__Supplied records__.

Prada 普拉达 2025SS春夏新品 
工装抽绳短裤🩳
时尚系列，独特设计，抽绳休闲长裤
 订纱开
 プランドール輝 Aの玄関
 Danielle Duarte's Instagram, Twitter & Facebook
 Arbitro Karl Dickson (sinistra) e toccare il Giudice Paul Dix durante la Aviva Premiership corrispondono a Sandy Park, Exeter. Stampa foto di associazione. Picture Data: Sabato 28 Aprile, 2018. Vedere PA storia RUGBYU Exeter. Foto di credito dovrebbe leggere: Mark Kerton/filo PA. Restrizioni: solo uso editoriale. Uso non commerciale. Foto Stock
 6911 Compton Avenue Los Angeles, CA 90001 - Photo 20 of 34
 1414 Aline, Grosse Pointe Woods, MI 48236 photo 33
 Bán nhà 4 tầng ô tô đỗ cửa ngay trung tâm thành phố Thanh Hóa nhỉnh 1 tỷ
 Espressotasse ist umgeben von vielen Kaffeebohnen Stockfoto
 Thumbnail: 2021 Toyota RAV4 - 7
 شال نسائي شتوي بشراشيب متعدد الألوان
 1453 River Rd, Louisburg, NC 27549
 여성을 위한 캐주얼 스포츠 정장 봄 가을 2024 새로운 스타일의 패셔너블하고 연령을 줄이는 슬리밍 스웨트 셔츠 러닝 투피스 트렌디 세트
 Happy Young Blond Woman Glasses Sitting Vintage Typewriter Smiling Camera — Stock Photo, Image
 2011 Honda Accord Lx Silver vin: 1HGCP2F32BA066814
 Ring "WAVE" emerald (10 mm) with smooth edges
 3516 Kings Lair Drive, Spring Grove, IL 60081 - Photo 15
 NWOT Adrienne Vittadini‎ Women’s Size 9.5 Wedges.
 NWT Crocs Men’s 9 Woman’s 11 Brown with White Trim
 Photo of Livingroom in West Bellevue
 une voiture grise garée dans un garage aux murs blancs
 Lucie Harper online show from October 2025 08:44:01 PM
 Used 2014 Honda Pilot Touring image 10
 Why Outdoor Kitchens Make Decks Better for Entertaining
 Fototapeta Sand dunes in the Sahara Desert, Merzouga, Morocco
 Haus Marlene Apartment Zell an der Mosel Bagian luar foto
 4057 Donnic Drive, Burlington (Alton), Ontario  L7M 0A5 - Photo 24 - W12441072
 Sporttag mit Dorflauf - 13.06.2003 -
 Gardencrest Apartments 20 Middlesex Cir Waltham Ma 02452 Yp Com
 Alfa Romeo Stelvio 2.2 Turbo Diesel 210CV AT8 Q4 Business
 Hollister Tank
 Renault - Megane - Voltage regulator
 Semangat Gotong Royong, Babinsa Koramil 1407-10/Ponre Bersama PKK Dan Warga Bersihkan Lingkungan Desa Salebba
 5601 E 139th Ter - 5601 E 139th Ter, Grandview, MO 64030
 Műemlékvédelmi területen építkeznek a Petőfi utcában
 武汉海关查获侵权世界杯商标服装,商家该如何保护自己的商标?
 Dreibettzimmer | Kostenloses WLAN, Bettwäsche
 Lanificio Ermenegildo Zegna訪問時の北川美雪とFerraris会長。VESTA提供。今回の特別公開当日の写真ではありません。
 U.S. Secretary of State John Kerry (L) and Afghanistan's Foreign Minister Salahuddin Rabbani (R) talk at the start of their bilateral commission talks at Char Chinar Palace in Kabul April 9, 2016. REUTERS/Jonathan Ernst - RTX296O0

__Exercise brief__. Among the entries above, locate the lines containing "Danielle Duarte's Instagram, Twitter" and "6911 Compton Avenue", and transcribe exactly those two lines and all lines between.

__Completed task__.
 Danielle Duarte's Instagram, Twitter & Facebook
 Arbitro Karl Dickson (sinistra) e toccare il Giudice Paul Dix durante la Aviva Premiership corrispondono a Sandy Park, Exeter. Stampa foto di associazione. Picture Data: Sabato 28 Aprile, 2018. Vedere PA storia RUGBYU Exeter. Foto di credito dovrebbe leggere: Mark Kerton/filo PA. Restrizioni: solo uso editoriale. Uso non commerciale. Foto Stock
 6911 Compton Avenue Los Angeles, CA 90001 - Photo 20 of 34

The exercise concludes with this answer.